All the data is collected in a collaborative space - making it easy for distributed teams to assess and manage content together.

Content Auditor gathers data on the quality of your content for every page, including:
- URL structure
- Title tags
- Reading ease
- Reading time
- Word count
- Content age
- Missing metadata
- Media files
It also gives you tools to assess and manage the quality of your content:
- The Site Report gives you a quick analysis of the overall health of your site’s content.
- The Content Inventory allows you to filter your content by different metrics to easily find and address problem areas. For instance, you might want to filter to find pages that are missing metadata, or which content looks outdated.
How do I start a crawl?

You can add a new crawl using the green “Add a site” button on the "Your sites" page. You can return to the "Your sites" page at any time by clicking the "home" icon at the top left of the screen. After clicking "Add a site" you will see a form appear that allows you to enter the URL and a name for the site you're about to crawl. Note that if you enter a URL that includes a subdirectory ( i.e. http://www.example.com/subdirectory ) you will be given the option to either crawl the entire site from the root, or only crawl within the subdirectory.
How long does a crawl take?
When you add a site on Content Auditor two things happen. First we crawl the site, then we analyse the data we collected. The first process, the crawl, goes pretty fast.
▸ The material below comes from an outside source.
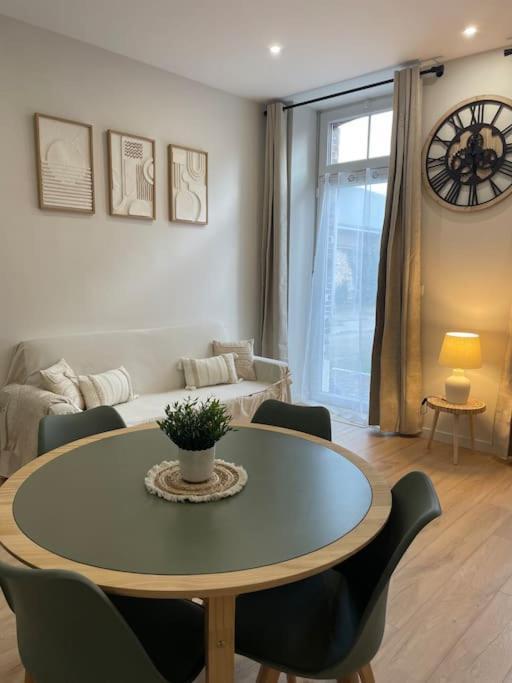 Joli Appartement Avec Parking - Proche Centre Ville Chartres Eksteriør bilde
It takes about 10 seconds per page.

The second process, analysis, takes longer. There's a process that happens at the end of each crawl that takes a few minutes. Because of this, smaller sites actually take longer per-page than larger sites do.

Average crawl times as of Sept 19, 2017:
- A 1 page site takes about 4 minutes
- A 30 page site takes about 15 minutes, or 30 seconds per page
- A 1000 page site takes about 4 hours, or 15 seconds per page
How to crawl dynamically generated content

Background

In general, web content is either "static" or "dynamic". An example of static content might be a "contact us" page that shows contact information. The details might change over time, but usually you'll see the same content there. In contrast, dynamic content changes often, in some cases constantly. An example of dynamic content might be a news site which always shows the most recent articles. Search results are another example of dynamic content. The results change depending on user input and are usually different on each viewing.

Crawling dynamically generated content can get complicated. Consider a list of search results that includes links to related search terms. When a crawler follows a link to related search results it will see a new list of results with new related terms. In this case, the act of crawling the site is in effect generating new pages to crawl. Each set of results might span many pages, each with their own list of related terms. This kind of situation can result in a crawl that includes thousands of pages of search results.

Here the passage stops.